I can see the job (numParts) running, and a summary of all "SUCCESS" jobs in the WebUI, even when the job are "FAIL" for CDM.
Is it expected ?
I enabled the spark prometheus metrics (in spark-3.5.5-bin-hadoop3-scala2.13/conf/metrics.properties) to be able to follow the success/failed jobs, but as they are based on the same information, everything is "success" :)
I can still follow the trackRun table for FAIL, but I wonder if there is another way.
Thank you,
Thanks for your question @Skunnyk! What were you looking to find out using the Spark UI here during the migration?
Hi @Skunnyk,
CDM tracks & handles failures internally within each parallelized Spark task. Hence the Spark UI will report everything as SUCCESS because from Spark's perspective, the tasks complete without errors.

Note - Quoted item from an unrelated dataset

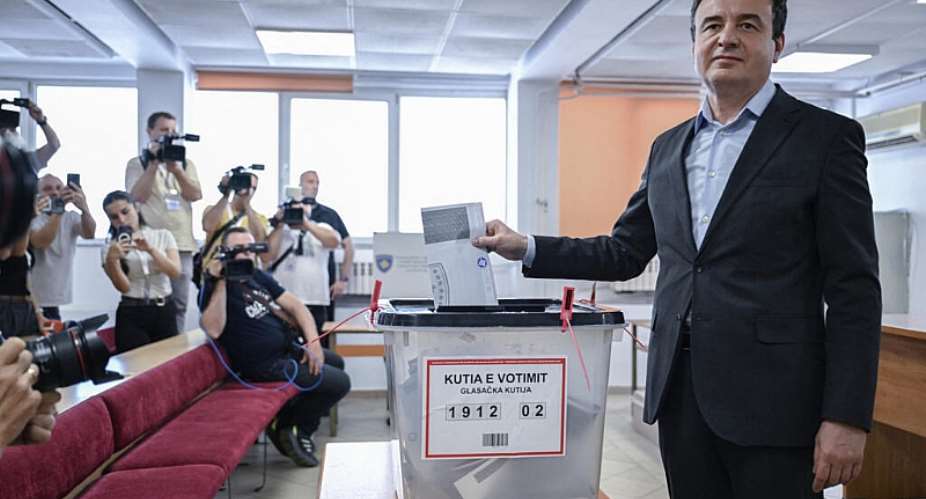 Kosovos Prime Minister Albin Kurti casts his ballot at a polling station on the day of general elections in Pristina on 7 June 2026. - AFP - ARMEND NIMANI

Spark only tracks the overall status of tasks (e.g., successful, failed, or running), whereas CDM tasks have its own detailed life-cycle (NOT_STARTED, STARTED, PASS, FAIL, DIFF, DIFF_CORRECTED, ENDED). We do not allow failures to quit the tasks abruptly as there are other reporting/cleanup actions that happens even after a failure.
We may be able to tweak the app to report failures to the Spark UI (although we would prefer not to), but using Spark UI for reporting was never the plan. Our recommended way to track/monitor the jobs is via the trackrun feature.
Hi, thank you for your answers.
@msmygit: I wanted to use the generated prometheus metrics from the spark process to be able to follow/graph the success/failed tasks because the migration processes will run for a couple of days :-)
@pravinbhat Ok that was what I thought, thank you.
CDM logs/output are a bit hard to follow (this can be improved with some log4j configuration I guess), and with the trackRun feature, it can be hard to see where we are at when multi run/previousId are done for a big table with failed tasks.